Tuesday, September 27, 2011

The Bigger the Museum…

The Museum is perhaps the most popular forum of Public History. The methods employed by museums vary from one man operations, to diner exhibits, to outdoor parks like Colonial Williamsburg. A theme park does not qualify as a museum in itself, but the rub here is that Williamsburg is not a theme park. It is a public museum that presents an entire enclosed community as its exhibit. Everything is meticulously preserved or reproduced for eye candy and sale which brings me to my point. The bigger the museum, the more it needs and must feed the public to survive.

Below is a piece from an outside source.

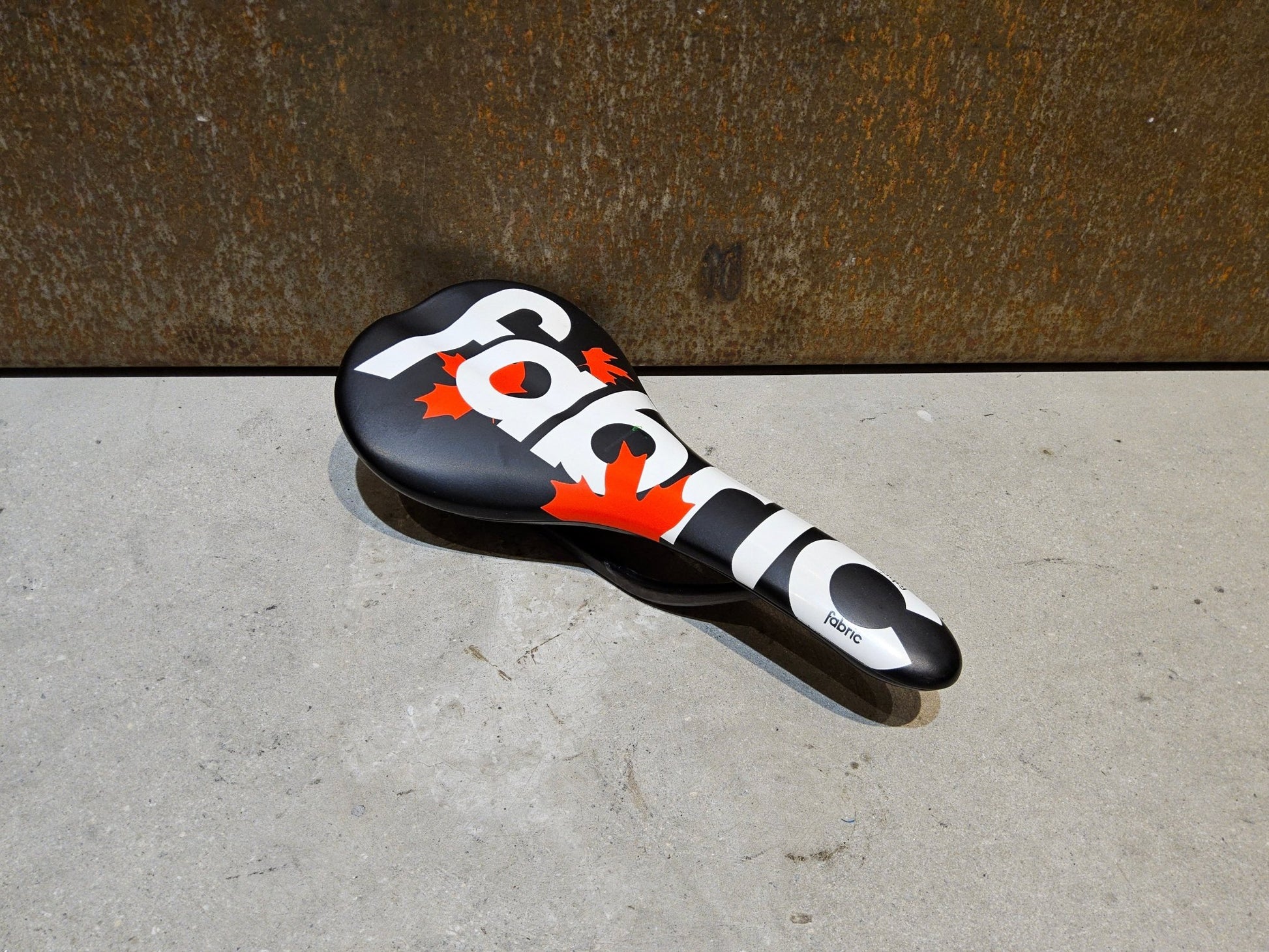 Sattel von Fabric, FABRIC SCOOP PRO TEAM FLAT SATTEL MAPLE LEAF / 142MM in variant_title vor USEDBIKES - OB.DE Hintergrund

Institutions are entitled to exist. Regardless of methods employed, they require funding. Many of my haunts such as the Library Company, or the Historical Society of Pennsylvania depend largely on fundraising and engagement with the public for its substantial operating costs. But many have the opportunity to and must cross the divide between nonprofit and business interests. Ironically many of the museums that present the types of exhibits that the public most readily engage with, i.e. intimate community based histories, or present the histories that broad segments of the public would engage in for a near universal appeal such as Williamsburg, depend on door, or in some cases, gate to succeed and build up an operating surplus.

Hoarding operating expenses and making profit, although both are fruits, are apples and oranges in comparison. If an organization or even a private individual has a unique, inventive or “profitable” method of engaging the public’s thirst for relevant history, that organization has a responsibility to nurture flow and protect itself from potential loses, such as those that might lead to deaccessioning.